Operator PMMLScoring

The PMMLScoring operator scores tuple data it receives on the first input port against a previously loaded PMML model. The model can be loaded from a file on startup. In addition the model can be loaded and updated from a blob received on the second input port during runtime.

Model input fields (predictors) are populated from attribute values on the input port. The user needs to specify a mapping from streams attributes to predictors (see parameter modelInputAttributeMapping). The model output data can be mapped to streams attributes on the output port. The user needs to specify the ouput mapping as well (see parameter modelOutputAttributeMapping).

The scored record is send to the first output port, together with additional model metadata and error indicators.

The operator uses the SPSS analytics engine to process the PMML models.

Consistent Region Support

The operator cannot participate in a consitent region.

Restrictions

Currently not all model types defined in the PMML standard are supported. See section 'Supported model types' below
SPSS native (non PMML standard) model types are not supported
Passing null values to model input fields is not supported
Feature output mappings are only supported for some model types. Use JSON raw output for these cases. See section 'Supported model types' below

Supported model types: Details on the supported model types and restrictions on these types.

Supported model Features for output mappings: Details on the feature output mappings.

Input/Output mapping sample: This sample uses the Drug Study model provided in the SPSS modeler tutorials and in Watson Studio.

Summary

Ports

This operator has 2 input ports and 1 output port.

Windowing

This operator does not accept any windowing configurations.

Parameters

This operator supports 8 parameters.

Required: modelInputAttributeMapping

Optional: errorReasonAttributeName, initialModelProvisioningTimeout, modelOutputAttributeMapping, modelPath, rawResultAttributeName, successAttributeName, wmlMetaDataAttributeName

Metrics

This operator does not report any metrics.

Properties

Implementation: Java

Input Ports

Ports (0)

Port that ingests tuples to score against the current model.

Attributes in the input schema can be mapped to input fields (predictors) in the model. For details see the operator parameter modelInputAttributeMapping.

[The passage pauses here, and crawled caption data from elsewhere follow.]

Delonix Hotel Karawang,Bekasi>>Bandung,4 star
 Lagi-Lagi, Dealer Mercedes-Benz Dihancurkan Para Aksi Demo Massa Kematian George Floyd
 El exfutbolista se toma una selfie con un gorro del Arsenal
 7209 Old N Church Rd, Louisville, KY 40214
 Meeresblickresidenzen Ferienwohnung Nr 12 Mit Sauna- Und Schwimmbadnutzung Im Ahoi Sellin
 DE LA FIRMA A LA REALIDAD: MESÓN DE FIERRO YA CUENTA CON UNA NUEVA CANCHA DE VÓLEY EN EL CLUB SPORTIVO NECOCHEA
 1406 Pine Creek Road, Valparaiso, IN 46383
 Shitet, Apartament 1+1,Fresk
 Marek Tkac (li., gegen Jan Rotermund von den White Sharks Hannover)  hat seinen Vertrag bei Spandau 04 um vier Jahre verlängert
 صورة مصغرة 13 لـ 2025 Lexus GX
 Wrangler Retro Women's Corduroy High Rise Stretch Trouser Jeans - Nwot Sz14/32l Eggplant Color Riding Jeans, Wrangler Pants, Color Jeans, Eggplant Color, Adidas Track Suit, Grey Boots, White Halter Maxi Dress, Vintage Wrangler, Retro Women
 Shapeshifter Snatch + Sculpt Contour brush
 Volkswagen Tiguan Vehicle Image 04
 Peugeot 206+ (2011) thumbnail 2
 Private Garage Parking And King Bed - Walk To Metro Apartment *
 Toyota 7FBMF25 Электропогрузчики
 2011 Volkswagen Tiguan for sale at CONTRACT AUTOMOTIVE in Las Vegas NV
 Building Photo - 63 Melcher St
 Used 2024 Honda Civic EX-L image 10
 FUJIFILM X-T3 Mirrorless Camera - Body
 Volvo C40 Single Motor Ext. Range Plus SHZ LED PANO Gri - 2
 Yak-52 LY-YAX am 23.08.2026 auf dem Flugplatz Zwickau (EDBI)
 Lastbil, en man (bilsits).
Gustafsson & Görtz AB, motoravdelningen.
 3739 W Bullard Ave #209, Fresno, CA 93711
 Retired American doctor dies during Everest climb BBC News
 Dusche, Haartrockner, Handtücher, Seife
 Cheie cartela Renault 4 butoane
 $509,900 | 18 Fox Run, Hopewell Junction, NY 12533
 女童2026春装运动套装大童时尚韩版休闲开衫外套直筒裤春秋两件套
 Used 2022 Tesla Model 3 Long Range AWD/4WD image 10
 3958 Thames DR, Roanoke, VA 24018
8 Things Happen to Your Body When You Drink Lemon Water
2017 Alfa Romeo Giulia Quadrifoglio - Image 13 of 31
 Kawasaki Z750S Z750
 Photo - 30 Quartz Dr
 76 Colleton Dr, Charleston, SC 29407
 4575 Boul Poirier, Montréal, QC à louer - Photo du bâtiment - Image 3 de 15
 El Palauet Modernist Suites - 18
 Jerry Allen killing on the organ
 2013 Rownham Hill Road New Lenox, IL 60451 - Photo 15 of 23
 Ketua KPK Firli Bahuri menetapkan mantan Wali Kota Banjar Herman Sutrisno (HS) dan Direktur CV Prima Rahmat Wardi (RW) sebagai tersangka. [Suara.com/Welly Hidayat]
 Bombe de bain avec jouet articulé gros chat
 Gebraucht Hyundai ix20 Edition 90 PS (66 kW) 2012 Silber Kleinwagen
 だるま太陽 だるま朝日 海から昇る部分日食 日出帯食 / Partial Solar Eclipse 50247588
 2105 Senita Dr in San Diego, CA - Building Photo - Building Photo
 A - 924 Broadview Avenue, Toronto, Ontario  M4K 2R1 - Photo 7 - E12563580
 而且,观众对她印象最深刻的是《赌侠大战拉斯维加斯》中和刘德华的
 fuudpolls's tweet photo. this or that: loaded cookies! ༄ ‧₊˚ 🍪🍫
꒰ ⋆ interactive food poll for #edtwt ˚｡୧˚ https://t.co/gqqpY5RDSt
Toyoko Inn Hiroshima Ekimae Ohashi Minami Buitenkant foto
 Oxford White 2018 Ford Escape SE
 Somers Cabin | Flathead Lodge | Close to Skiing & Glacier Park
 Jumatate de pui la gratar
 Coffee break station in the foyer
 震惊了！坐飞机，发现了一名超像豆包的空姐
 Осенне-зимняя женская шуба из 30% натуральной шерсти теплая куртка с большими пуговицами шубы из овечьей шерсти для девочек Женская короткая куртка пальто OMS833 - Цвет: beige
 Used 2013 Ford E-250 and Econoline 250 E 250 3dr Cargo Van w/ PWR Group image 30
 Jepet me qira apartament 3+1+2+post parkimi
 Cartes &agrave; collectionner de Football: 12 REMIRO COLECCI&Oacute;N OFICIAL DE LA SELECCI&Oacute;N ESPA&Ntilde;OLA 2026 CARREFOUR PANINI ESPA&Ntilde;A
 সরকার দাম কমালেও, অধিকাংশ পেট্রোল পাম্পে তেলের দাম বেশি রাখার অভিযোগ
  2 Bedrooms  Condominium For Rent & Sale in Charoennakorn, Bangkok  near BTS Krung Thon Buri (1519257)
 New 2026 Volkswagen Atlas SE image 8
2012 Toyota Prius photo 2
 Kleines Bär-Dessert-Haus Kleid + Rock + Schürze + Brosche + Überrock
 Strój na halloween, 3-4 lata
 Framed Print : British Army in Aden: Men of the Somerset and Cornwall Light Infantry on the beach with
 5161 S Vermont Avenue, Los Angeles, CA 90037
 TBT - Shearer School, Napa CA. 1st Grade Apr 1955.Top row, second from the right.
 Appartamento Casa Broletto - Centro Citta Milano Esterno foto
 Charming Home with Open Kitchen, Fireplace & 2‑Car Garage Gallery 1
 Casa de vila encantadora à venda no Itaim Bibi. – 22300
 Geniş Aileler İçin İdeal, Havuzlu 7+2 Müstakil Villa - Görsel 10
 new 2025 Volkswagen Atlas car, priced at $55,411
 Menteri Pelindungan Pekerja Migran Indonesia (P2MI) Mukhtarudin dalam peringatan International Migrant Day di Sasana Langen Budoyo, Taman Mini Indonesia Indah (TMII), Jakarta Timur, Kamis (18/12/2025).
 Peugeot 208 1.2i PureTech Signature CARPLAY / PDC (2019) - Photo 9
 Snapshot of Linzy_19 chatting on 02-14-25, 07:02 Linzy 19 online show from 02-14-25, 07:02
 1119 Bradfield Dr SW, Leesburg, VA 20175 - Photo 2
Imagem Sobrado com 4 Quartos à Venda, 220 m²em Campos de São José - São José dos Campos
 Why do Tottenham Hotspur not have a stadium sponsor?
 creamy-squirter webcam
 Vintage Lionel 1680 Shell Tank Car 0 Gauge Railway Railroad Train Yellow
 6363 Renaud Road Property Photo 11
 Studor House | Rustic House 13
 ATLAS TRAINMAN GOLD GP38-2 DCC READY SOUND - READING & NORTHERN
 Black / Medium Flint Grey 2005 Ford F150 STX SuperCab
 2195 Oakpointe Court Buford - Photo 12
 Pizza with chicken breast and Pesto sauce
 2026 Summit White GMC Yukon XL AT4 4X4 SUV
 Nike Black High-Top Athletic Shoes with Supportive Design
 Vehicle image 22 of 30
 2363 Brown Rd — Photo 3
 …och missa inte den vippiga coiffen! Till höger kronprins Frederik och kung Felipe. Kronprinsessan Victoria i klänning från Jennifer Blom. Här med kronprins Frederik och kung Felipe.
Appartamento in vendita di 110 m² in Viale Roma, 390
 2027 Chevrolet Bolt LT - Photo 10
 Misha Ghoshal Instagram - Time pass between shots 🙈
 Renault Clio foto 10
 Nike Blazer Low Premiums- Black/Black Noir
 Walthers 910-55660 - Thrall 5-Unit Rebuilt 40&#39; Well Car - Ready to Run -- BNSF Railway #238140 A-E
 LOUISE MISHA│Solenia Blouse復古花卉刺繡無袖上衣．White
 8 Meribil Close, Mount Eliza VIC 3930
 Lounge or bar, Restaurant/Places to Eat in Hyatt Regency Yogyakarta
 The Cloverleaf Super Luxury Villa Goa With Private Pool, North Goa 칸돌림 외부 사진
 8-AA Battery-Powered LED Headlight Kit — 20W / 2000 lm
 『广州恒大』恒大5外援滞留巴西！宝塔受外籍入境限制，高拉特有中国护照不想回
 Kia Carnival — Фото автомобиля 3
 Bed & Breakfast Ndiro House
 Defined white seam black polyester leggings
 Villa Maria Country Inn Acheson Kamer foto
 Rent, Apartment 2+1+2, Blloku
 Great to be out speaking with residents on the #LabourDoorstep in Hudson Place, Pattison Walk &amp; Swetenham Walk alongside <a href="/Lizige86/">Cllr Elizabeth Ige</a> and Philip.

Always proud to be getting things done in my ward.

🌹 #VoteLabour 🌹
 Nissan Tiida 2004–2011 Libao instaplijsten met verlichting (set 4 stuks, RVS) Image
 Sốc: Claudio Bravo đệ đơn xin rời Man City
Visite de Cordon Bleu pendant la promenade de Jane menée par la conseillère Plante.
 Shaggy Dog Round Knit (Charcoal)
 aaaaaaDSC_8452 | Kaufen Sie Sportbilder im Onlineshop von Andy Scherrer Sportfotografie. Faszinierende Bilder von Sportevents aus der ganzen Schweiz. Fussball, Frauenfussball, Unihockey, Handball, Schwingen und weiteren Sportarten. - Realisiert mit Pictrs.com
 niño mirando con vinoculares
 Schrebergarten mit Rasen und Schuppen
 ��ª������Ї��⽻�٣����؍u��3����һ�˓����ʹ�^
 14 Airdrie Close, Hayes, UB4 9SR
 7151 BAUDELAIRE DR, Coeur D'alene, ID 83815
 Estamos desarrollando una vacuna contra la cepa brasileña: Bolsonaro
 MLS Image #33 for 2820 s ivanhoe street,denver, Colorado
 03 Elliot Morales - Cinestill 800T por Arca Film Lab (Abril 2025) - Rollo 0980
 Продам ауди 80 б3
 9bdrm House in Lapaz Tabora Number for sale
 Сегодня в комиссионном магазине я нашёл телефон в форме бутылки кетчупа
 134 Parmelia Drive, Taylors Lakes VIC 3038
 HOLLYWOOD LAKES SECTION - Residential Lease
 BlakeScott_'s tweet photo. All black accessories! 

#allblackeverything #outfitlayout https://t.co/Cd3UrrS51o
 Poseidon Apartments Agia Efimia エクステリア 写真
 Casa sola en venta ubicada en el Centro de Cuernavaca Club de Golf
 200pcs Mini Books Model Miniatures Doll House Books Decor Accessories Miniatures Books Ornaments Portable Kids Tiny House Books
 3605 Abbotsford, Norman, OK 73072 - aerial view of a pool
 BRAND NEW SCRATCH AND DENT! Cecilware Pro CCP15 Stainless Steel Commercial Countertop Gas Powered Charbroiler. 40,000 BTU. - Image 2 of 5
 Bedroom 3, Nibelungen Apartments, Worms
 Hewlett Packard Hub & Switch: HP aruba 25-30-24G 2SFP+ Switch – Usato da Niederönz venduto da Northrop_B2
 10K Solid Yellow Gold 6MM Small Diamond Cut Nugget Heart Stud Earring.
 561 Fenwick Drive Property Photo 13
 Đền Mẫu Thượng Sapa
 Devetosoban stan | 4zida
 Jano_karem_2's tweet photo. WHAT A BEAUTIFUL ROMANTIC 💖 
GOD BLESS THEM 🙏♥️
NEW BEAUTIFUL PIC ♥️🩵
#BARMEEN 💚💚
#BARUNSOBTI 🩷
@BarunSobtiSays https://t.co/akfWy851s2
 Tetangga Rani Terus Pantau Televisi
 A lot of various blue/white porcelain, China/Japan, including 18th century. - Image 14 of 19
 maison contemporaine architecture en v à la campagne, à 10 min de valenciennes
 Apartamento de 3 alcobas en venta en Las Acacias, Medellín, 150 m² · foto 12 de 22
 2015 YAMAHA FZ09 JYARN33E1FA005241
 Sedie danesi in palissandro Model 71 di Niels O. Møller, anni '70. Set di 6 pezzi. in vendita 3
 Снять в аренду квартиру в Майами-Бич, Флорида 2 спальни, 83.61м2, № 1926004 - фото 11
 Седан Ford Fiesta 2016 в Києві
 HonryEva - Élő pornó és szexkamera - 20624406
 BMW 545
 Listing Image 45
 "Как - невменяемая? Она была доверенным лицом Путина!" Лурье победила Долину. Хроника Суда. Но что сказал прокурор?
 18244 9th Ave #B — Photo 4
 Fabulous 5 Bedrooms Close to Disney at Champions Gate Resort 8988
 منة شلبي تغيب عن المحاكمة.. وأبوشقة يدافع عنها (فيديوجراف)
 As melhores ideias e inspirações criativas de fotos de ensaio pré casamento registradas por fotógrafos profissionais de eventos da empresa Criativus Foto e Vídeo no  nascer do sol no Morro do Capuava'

If no model is loaded when an input tuple arrives, the tuple is forwarded to the ouput port with an error indication. See parameters successAttributeName and errorReasonAttributeName for more details. This can happen if no initial model is loaded from a file. See parameter modelPath. To avoid this error you may set an initial delay time during which tuples are blocked. If a model is loaded via the second port of the operator within that time, tuple proccessing is resumed and no errors are produced. See parameter initialModelProvisioningTimeout.

The Streams attributes used as predictors can be integral types, floating point types or strings.

Properties

Optional: false

ControlPort: false
WindowingMode: NonWindowed
WindowPunctuationInputMode: Oblivious

Ports (1)

Port that ingests tuples containing new model versions and model metadata. The tuple has to comform to the type ModelData defined in ModelData. If you are loading models from files, you should use that predefined type in your application. If you do not know about the metadata of your model, just set the corresponding fields to the string 'unknown'.

While the internal scoring engine is reinitialized with a new PMML model, tuple processing on the first input port is blocked.

Properties

Optional: true

ControlPort: true
WindowingMode: NonWindowed
WindowPunctuationInputMode: Oblivious

Output Ports

Assignments: Java operators do not support output assignments.

Ports (0)

The scored tuples will be sent to this port. The operator sets the attributes according to the provided output mapping.

Properties

Optional: false

WindowPunctuationOutputMode: Generating

Parameters

This operator supports 8 parameters.

Required: modelInputAttributeMapping

Optional: errorReasonAttributeName, initialModelProvisioningTimeout, modelOutputAttributeMapping, modelPath, rawResultAttributeName, successAttributeName, wmlMetaDataAttributeName

errorReasonAttributeName

Specifies the name of a Streams ouput attribute of type rstring. If set, an error description is stored in this attribute, in case the operation failed. If the scoring operation was successful, en empty string is stored in the attribute.

Properties

Type: rstring
Cardinality: 1
Optional: true

initialModelProvisioningTimeout

Setting this parameter causes the operator to wait for some time until the inital model is loaded. If the modelPath parameter is not used, no initial model is loaded from a file during operator startup. In this case the operator will send tuples to the output port without scoring them. Instead the error indicator is set. To allow for some wait time before the model is loaded from the WML repository, set the parameter to the number of seconds to wait before the initial model is loaded. If the model is not loaded within this time interval, the operator aborts.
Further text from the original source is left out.